◆ **EXERCISE DATA**:
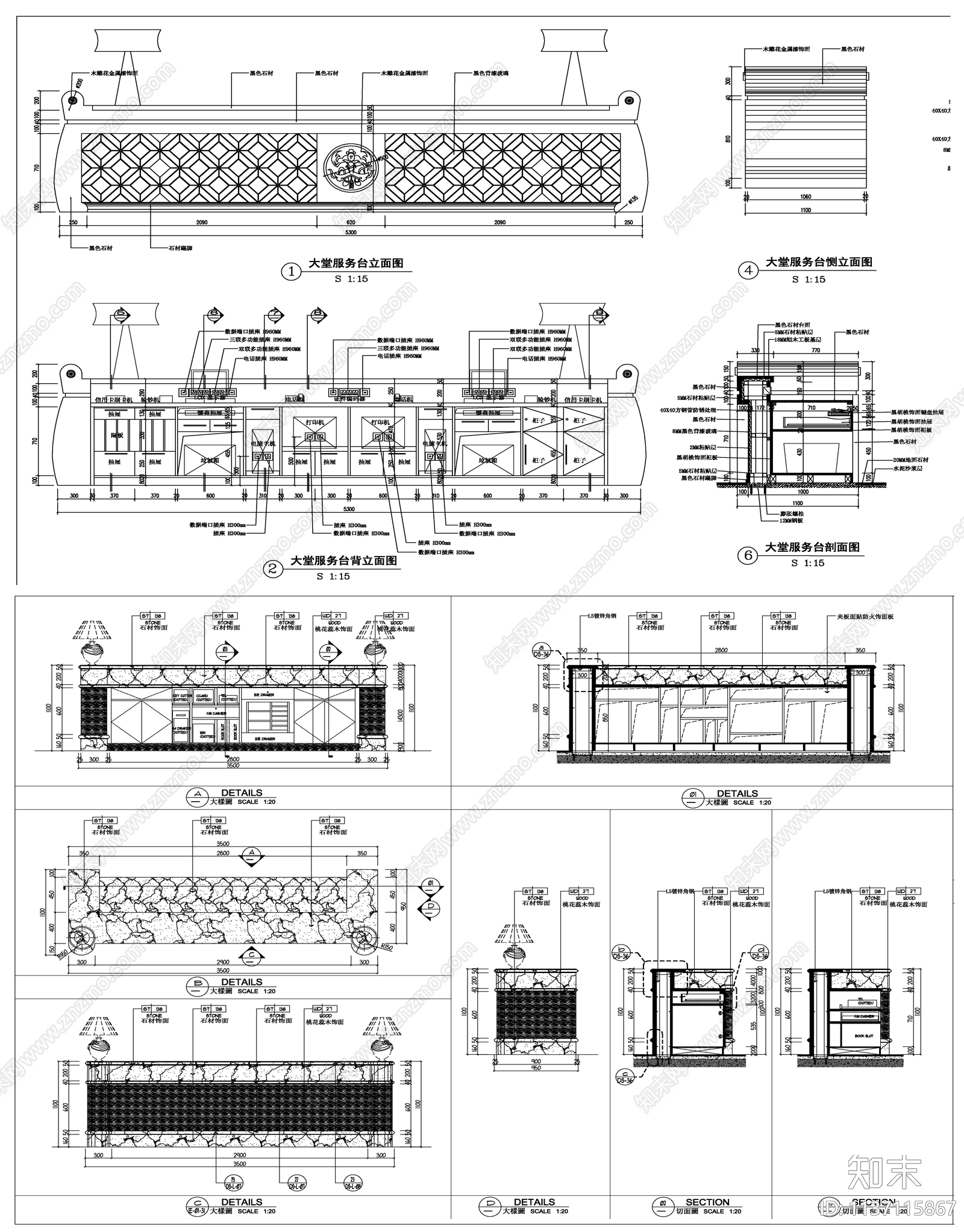 服务台接待台总台详图cad施工图下载【ID:1137115867】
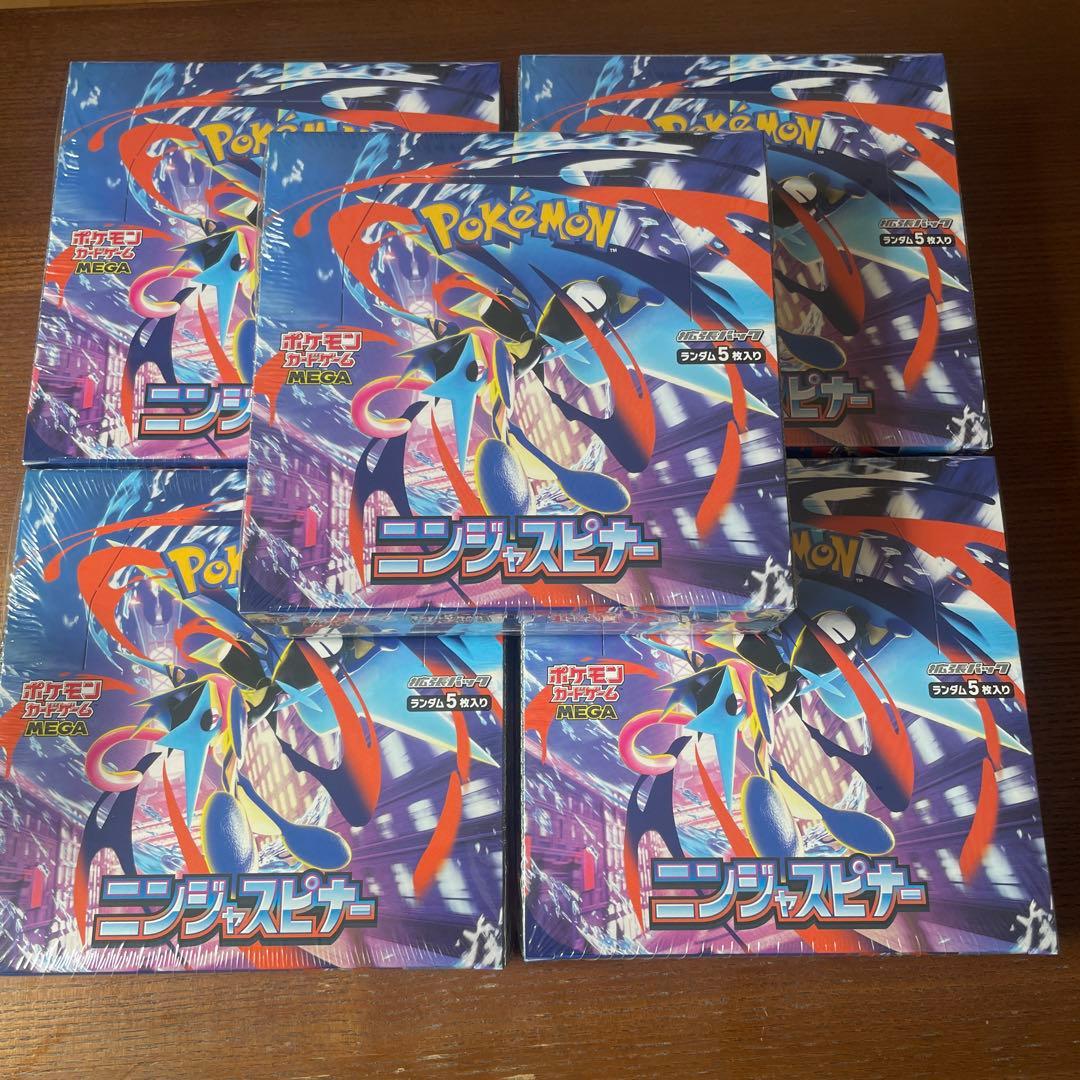 【シュリンク付】ポケモンカード　ニンジャスピナー　5ボックス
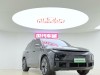 Li Auto L9 2023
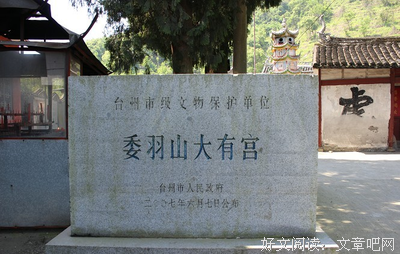 谢灵运的名人名言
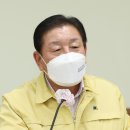 가야농협 산지유통센터 이미지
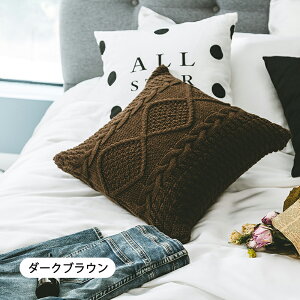 NbVJo[ ҂ jbg ҂݌n k 45x45cm  \t@w Jo[ zcJo[  ӂӂ t@bV  킢 ~ ͗lւ V G Jo[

◆ **PROBLEM DESCRIPTION**:
Could you print the data exactly as it appears and keep the pictures out?

◆ **WRITTEN SOLUTION**:
 服务台接待台总台详图cad施工图下载【ID:1137115867】
 【シュリンク付】ポケモンカード　ニンジャスピナー　5ボックス
 Li Auto L9 2023
 谢灵运的名人名言
 가야농협 산지유통센터 이미지
 NbVJo[ ҂ jbg ҂݌n k 45x45cm  \t@w Jo[ zcJo[  ӂӂ t@bV  킢 ~ ͗lւ V G Jo[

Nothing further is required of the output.